For the Shifted Rosenbrocks and Shifted Rotated Ackley with Global Optimum on Bounds benchmarks, the error rate and standard deviation were 1.33E−01 ± 7.16E−01 and 2.09E+01 ± 4.67E−02, respectively. ABCDE produced genes without any inferior objective values for both of these functions. The average success rate for ABCDE, with standard deviation, was 1.22E+10±2.46E+10 and −1.76E+04±1.79E+05. For Shifted Rastrigin, Shifted Rotated Rastrigin, Shifted Rotated Weierstrass, Schwefel Problem 2.13, and Shifted Expanded Griewank plus Rosenbrock (F8F2), ABCDE outperformed DE/Best/1, DE/Best/1, and RNDE, respectively. The scores of ABCDE for these five benchmarks were −1.99E+01, −4.99E+01, −1.81E+00, −2.34E+05, and −7.11E, respectively, and the standard deviations are shown in Table 3.
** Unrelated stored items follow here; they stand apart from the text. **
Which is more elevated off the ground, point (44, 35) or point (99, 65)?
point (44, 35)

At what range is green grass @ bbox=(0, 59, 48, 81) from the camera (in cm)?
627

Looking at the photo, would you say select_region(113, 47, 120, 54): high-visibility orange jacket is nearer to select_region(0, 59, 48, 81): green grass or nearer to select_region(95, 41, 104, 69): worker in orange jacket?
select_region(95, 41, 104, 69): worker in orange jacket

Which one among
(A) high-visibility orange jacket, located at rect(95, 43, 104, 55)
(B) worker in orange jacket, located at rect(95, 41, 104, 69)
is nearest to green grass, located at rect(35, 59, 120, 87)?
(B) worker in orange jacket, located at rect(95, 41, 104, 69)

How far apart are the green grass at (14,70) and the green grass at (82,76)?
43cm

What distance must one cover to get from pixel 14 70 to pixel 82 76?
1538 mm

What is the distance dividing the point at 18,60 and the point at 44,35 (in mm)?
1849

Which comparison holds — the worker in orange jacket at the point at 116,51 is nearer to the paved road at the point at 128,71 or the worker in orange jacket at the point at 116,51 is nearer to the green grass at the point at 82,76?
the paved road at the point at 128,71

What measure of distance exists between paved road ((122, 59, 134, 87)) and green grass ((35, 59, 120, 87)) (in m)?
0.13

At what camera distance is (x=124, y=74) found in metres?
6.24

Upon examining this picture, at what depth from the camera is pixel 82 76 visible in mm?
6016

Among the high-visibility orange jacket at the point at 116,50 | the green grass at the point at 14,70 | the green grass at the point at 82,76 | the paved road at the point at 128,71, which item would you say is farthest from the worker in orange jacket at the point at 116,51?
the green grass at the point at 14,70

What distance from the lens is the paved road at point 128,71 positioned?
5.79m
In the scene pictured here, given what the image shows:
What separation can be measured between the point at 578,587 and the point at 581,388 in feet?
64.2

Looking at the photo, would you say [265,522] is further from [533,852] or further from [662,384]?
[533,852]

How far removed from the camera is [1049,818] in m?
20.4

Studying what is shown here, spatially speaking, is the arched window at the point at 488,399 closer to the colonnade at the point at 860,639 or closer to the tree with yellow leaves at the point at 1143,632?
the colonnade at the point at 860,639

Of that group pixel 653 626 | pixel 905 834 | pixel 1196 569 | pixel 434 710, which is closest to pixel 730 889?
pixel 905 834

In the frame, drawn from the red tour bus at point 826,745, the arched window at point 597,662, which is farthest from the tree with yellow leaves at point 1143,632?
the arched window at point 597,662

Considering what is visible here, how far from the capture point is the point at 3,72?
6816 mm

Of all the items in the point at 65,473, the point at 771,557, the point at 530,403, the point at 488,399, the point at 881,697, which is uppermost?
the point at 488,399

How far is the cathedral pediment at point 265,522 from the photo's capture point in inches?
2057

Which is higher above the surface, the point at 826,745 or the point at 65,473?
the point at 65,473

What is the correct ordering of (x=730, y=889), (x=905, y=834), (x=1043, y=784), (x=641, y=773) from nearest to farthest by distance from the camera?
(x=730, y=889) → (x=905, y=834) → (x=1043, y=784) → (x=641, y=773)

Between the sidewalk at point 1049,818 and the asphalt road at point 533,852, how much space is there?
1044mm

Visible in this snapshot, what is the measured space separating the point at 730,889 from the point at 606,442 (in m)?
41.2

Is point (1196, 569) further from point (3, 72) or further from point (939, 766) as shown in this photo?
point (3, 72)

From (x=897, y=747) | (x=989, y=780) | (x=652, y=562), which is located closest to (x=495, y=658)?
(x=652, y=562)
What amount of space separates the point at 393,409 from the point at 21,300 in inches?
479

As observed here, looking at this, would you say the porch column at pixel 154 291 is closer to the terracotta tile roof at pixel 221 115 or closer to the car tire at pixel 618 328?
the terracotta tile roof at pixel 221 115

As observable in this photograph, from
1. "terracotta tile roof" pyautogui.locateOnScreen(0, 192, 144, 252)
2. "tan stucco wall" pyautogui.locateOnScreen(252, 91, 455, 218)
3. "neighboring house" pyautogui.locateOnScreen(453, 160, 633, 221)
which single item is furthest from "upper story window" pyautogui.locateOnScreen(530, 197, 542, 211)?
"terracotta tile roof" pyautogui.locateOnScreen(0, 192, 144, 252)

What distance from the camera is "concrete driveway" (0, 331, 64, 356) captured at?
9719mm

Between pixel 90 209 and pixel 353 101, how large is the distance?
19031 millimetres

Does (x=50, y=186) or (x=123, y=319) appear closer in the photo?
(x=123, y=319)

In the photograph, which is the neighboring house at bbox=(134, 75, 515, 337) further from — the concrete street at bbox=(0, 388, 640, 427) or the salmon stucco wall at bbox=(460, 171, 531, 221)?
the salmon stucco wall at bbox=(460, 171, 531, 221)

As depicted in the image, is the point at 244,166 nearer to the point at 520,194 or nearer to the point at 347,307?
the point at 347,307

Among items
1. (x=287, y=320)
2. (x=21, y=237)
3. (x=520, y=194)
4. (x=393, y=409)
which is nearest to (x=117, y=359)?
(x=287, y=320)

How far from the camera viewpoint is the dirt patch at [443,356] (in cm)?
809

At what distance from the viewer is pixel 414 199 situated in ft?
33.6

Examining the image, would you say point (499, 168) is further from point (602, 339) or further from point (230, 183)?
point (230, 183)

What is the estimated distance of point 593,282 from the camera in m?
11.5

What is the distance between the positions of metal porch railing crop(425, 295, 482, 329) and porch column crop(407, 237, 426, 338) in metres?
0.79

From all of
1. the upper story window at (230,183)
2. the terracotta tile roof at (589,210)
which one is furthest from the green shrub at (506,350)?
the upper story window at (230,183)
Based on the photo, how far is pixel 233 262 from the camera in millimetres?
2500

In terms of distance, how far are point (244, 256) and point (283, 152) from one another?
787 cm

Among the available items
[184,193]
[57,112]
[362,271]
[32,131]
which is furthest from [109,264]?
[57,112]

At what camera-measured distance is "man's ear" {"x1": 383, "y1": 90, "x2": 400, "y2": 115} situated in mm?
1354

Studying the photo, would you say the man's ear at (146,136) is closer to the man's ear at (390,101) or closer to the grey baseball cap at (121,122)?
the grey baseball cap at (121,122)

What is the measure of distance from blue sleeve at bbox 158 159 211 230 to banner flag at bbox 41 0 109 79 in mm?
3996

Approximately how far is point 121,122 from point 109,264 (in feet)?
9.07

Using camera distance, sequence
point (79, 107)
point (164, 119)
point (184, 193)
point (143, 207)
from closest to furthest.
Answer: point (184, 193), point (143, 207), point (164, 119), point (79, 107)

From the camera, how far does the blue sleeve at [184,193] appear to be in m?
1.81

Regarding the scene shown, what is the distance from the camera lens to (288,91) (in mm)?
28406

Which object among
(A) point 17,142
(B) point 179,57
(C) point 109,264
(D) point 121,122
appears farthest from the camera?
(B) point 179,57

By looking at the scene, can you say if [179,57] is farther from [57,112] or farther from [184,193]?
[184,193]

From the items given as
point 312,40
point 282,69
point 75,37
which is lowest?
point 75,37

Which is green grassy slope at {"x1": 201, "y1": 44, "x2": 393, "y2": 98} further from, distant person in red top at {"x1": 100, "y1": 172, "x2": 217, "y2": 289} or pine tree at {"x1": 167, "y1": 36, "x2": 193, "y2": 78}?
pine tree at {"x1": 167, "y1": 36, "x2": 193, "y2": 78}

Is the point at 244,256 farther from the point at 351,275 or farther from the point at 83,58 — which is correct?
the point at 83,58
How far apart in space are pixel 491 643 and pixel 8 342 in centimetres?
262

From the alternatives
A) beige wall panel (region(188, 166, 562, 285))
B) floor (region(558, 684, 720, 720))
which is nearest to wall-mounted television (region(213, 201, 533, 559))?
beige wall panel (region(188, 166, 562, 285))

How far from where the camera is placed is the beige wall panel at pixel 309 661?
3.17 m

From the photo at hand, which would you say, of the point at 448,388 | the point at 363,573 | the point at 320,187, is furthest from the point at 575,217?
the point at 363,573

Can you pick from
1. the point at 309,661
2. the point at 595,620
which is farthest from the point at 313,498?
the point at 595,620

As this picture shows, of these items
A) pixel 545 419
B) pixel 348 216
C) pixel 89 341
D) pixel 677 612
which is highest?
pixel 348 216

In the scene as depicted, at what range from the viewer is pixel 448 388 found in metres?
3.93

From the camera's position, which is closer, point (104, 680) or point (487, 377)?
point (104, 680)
Of all the 13 benchmarks, ABCDE performed best in the Shifted Rotated Expanded Scaffer’s F6 benchmark function, significantly outperforming its counterparts. Compared to its nearest competitor, DE/Best/1, ABCDE achieved an average of 4.48E+15, with a standard deviation of 8.47E+15. Figure 2a,b show the yielded improvement in each iteration for different unimodal and multimodal benchmarks, respectively. The common thing among all is a gradual and rapid decrease between the generated trial vector and the existing target vector. The behavior of ABCDE remained consistent throughout the 100 iterations, and achieved optimal convergence for all benchmark functions.

Figure 2. (a) Improvement rate of shifted unimodal benchmark functions at D = 30 and iter = 100. (b) Improvement rate of shifted multimodal benchmark functions at D = 30 and iter = 100.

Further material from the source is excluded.